Before the odds come out on Monday morning, here are two to three names I’ve identified as significant targets upon my initial research.

Viktor Hovland

He continues to play down his progression: recently calling his swing a 6/10 despite entering the weekend at the Masters inside the top 10 on the leaderboard, but I'm beginning to become a believer that Viktor Hovland's darkest days are behind him.

Viktor gained another four strokes on approach at this year's Masters: increasing his per-round average to 1.33 since the start of the Florida Swing, and while his driver has been a bit of a hit-and-miss commodity (especially at the Tour's longer venues), his two best driving performances of the season have come around 6,900-yard Pebble Beach (+1.7)  and one of my closest Harbour Town driving comps in Innisbrook (+2.0).

Couple this recent success on shorter, club-down venues with the historic ball-striking success he's had in Hilton Head through two appearances (+6.0 Strokes Gained OTT; +7.1 on Approach), and I see plenty of reason of be optimistic about Viktor's chances this week.

Hovland's two recent spike results also underline a sudden turnaround he's had on the greens: gaining 2.7 strokes putting around the diabolical greens of Augusta National, and 7.4 strokes in his win at the the Valspar Championship (on similarly over-seeded greens to what he'll see at Harbour Town).

Although been one of the trickier projections in the sport over the last 12+ months, Vik has given us enough recent signs to take a shot at the 40-1s currently available on BookMaker. I've certainly been burned in the past on Hovland's road to redemption, but I remain incredibly confident in one thing: If he puts up another quality performance this week, it'll be a long time before we see a price this good beside Viktor Hovland's name.

 

Sepp Straka

Despite a disappointing missed cut at Augusta National, Sepp Straka continued to display a profile that not only vaulted him into conversations as a Major Championship Contender, but one that is also tailor-made for his best opportunity at a Signature win. Straka gained a whopping 3.4 strokes on approach in Rounds 1 and 2 at the Masters (ranking fifth in per-round average), and hit 75% of his fairways for the week.

This combination of elite iron play and precision off of the tee vaults Sepp well into my top 10 in terms of winning probabilities at Harbour Town, and when isolating for those two metrics, only Collin Morikawa can boast a comparable run of recent form.

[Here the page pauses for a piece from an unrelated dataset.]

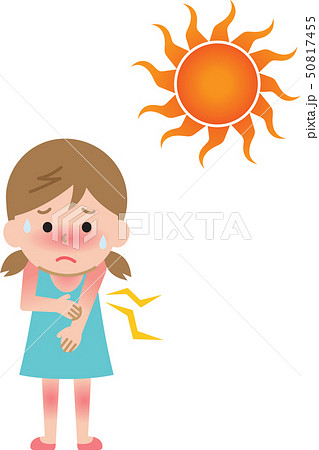 熱中症 日焼け 女の子 熱中症 日焼け 女の子 50817455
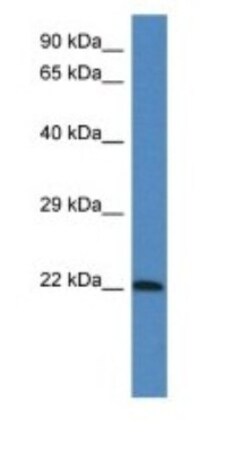 GRP Antibody, Novus Biologicals:Antibodies:Primary Antibodies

While some elite strikers in this field can boast better singular ball--striking performances thus far in 2o25, nobody (including Scheffler or Morikawa), can match the consistency of the Austrian. In Straka's last 12 starts on Tour (dating back to the 2024 RSM), he's managed to record an iron performance of at least 3.5 strokes gained in ten of those 12.

Sepp also ranks 1st in my Weighted Proximity model from 150-200 yards, and gained strokes off of the tee in each of his most recent starts at my comparable driving courses:

  • +1.3 at TPC Sawgrass
  • +2.5 at PGA National
  • +0.2 at Innisbrook's Copperhead Course
  • +3.1 at PGA West's Stadium Course
  • +2.2 at last year's RBC Heritage

With finishes of fifth and third already to his name in two of the last three iterations of the RBC Heritage, there isn't much need for an imagination when envisioning Straka's opportunity this week. My numbers continue to point to him as one of 2025's premier breakouts, and at prices in the 40-1 range on outright odds boards, I'll gladly jump on this week as one of his best chances to date of confirming that ascendency.